1. Double-click to configure the Formula step:

<table><thead><tr><th width="210">New field</th><th width="274">Formula</th><th>Value type</th><th>Length</th><th>Precision</th><th>Replace</th></tr></thead><tbody><tr><td><code>register_time_seconds</code></td><td><code>[register_time_epoch] / 1000</code></td><td>Integer</td><td>-1</td><td>-1</td><td><em>(blank)</em></td></tr></tbody></table>

{% hint style="info" %}
**Why Formula instead of Calculator?** The Calculator step requires both operands to be existing stream fields — you cannot enter a literal constant like `1000` as Field B. The Formula step supports inline constants in expressions.

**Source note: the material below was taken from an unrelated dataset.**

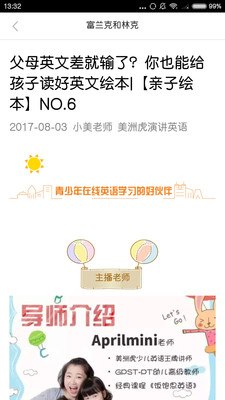 ���޻�Ӣ��appv1.0.3��ͼ2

**What this does**: The datagen produces `registertime` as epoch milliseconds (e.g., `1493899960000`). MySQL's `TIMESTAMP` column expects epoch seconds, so we divide by 1000 to get `1493899960`.

**Alternative using Calculator**: Add an **Add constants** step before Calculator with a field `divisor` = `1000` (Integer). Then use Calculator with operation `A / B` where A = `register_time_epoch` and B = `divisor`.
{% endhint %}
{% endtab %}

{% tab title="5. Table ouput" %}
{% hint style="info" %}

#### **Table Output**

The Table Output step loads data into a database table. Table Output is equivalent to the SQL INSERT operator.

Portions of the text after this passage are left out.